At Sumo Logic, most backend code is written in Scala. Scala is a newer JVM (Java Virtual Machine) language created in 2001 by Martin Odersky, who also co-founded our Greylock sister company, TypeSafe. Over the past two years at Sumo Logic, we’ve found Scala to be a great way to use the AWS SDK for Java. In this post, I’ll explain some use cases.
1. Tags as fields on AWS model objects
Accessing AWS resource tags can be tedious in Java. For example, to get the value of the “Cluster” tag on a given instance, something like this is usually needed:
String deployment = null;
for (Tag tag : instance.getTags()) {
if (tag.getKey().equals(“Cluster”)) {
deployment = tag.getValue();
}
}
While this isn’t horrible, it certainly doesn’t make code easy to read. Of course, one could turn this into a utility method to improve readability. The set of tags used by an application is usually known and small in number. For this reason, we found it useful to expose tags with an implicit wrapper around the EC2 SDK’s Instance, Volume, etc. classes. With a little Scala magic, the above code can now be written as:
val deployment = instance.cluster
Here is what it takes to make this magic work:
object RichAmazonEC2 {
implicit def wrapInstance(i: Instance) = new RichEC2Instance(i)
}
class RichEC2Instance(instance: Instance) {
private def getTagValue(tag: String): String =
tags.find(_.getKey == tag).map(_.getValue).getOrElse(null)
def cluster = getTagValue(“Cluster”)
}
Whenever this functionality is desired, one just has to import RichAmazonEC2._
2. Work with lists of resources
Scala 2.8.0 included a very powerful new set of collections libraries, which are very useful when manipulating lists of AWS resources. Since the AWS SDK uses Java collections, to make this work, one needs to import collections.JavaConversions._, which transparently “converts” (wraps implicitly) the Java collections. Here are a few examples to showcase why this is powerful:
Printing a sorted list of instances, by name:
ec2.describeInstances(). // Get list of instances.
getReservations.
map(_.getInstances).
flatten. // Translate reservations to instances.

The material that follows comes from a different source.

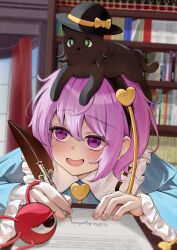 Rule 34 | 1girl, absurdres, animal, animal on head, black cat, black hairband, black hat, blue shirt, blurry, blush, book, bookshelf, bow, buttons, cat, closed mouth, clothed animal, collared shirt, commentary request, depth of field, eyeball, frilled shirt collar, frilled sleeves, frills, green eyes, hair ornament, hairband, hat, hat bow, heart, heart button, heart hair ornament, highres, holding, holding quill, indoors, komeiji koishi, komeiji koishi (cat), komeiji satori, on head, open mouth, pink hair, pink nails, purple eyes, quill, ribbon-trimmed collar, ribbon trim, shirt, siblings, sisters, smile, soo kazahana, textless version, third eye, touhou, wide sleeves, writing, yellow bow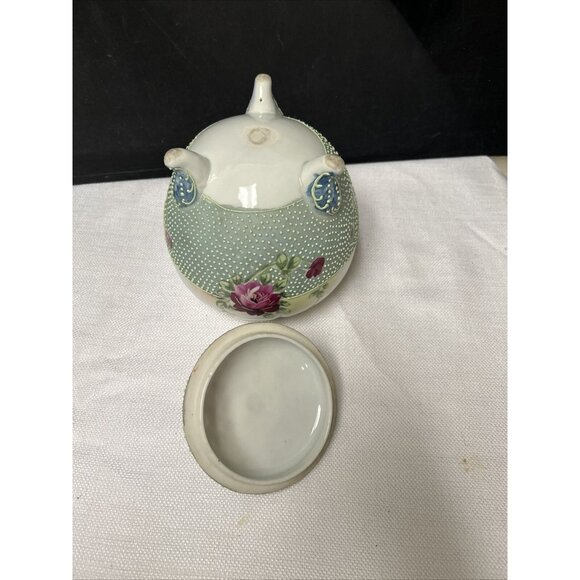 Antique Nippon Cabbage Rose Floral Lidded Footed Biscuit Jar Hand Painted - Picture 7 of 7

sortBy(_.sortName). // Sort the list.
map(i => “%-25s (%s)”.format(i.name, i.getInstanceId)). // Create String.
foreach(println(_)) // Print the string.
Grouping a list of instances in a deployment by cluster (returns a Map from cluster name to list of instances in the cluster):
ec2.describeInstances(). // Get list of instances.
filter(_.deployment = “prod”). // Filter the list to prod deployment.

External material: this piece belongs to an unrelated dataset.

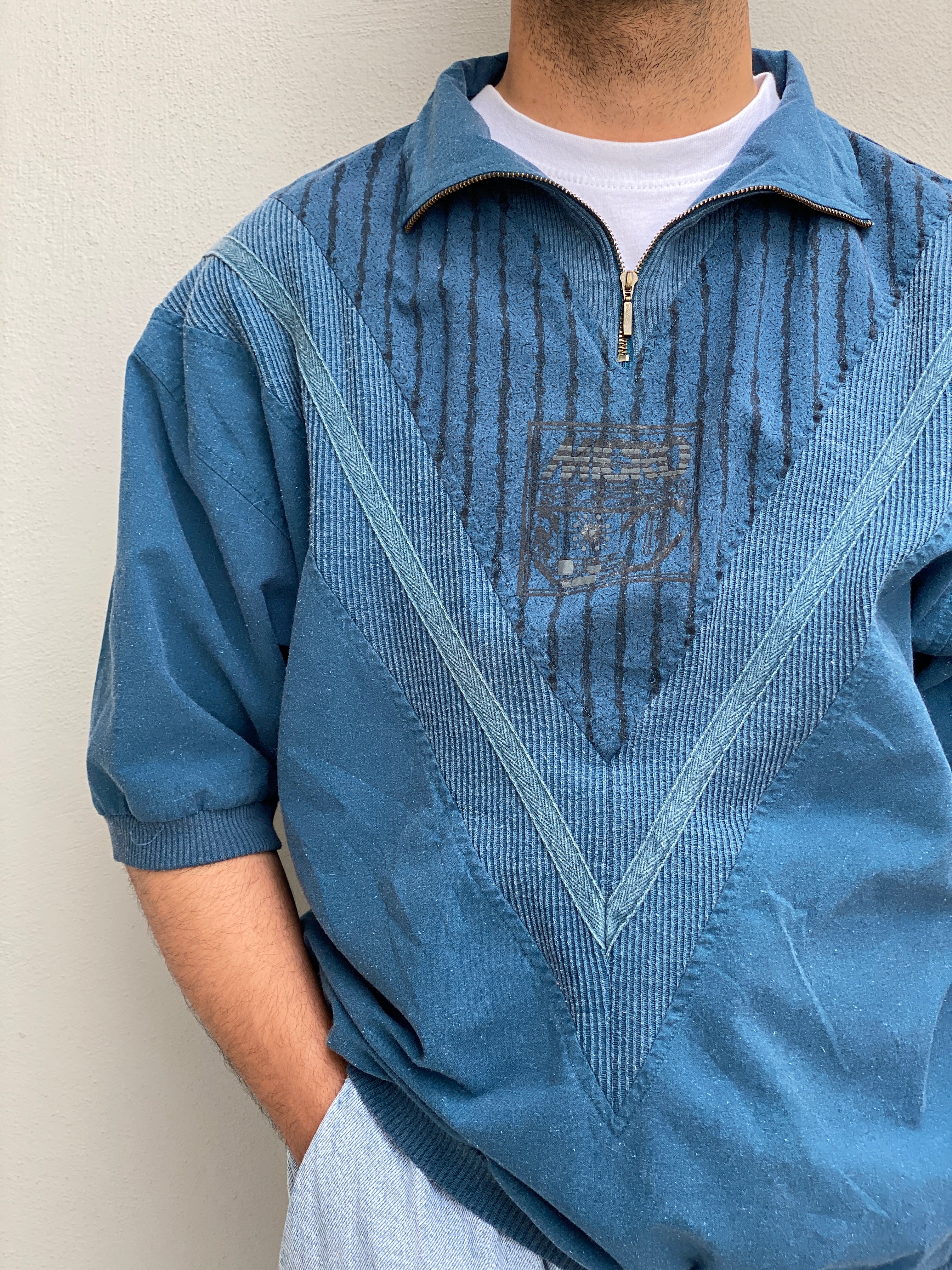 Vintage 90s Blue Men’s Quarter Zip Textured Cotton Blend Pullover Top – M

groupBy(_.cluster) // Group by the cluster.
You get the idea – this makes it trivial to build very rich interactions with EC2 resources.
3. Add pagination logic to the AWS SDK
When we first started using AWS, we had a utility class to provide some commonly repeated functionality, such as pagination for S3 buckets and retry logic for calls. Instead of embedding functionality in a separate utility class, implicits allow you to pretend that the functionality you want exists in the AWS SDK. Here is an example that extends the AmazonS3 class to allow listing all objects in a bucket:
object RichAmazonS3 {
implicit def wrapAmazonS3(s3: AmazonS3) = new RichAmazonS3(s3)
}
class RichAmazonS3(s3: AmazonS3) {
def listAllObjects(bucket: String, cadence: Int = 100): Seq[S3ObjectSummary] = {
var result = List[S3ObjectSummary]()
def addObjects(objects: ObjectListing) = result ++= objects.getObjectSummaries
var objects = s3.listObjects(new ListObjectsRequest().withMaxKeys(cadence).withBucketName(bucket))
addObjects(objects)
while (objects.isTruncated) {
objects = s3.listNextBatchOfObjects(objects)
addObjects(objects)
}
result
}
}
To use this:
val objects = s3.listAllObjects(“mybucket”)
There is, of course a risk of running out of memory, given a large enough number of object summaries, but in many use cases, this is not a big concern.
Summary
Scala enables programmers to implement expressive, rich interactions with AWS and greatly improves readability and developer productivity when using the AWS SDK. It’s been an essential tool to help us succeed with AWS.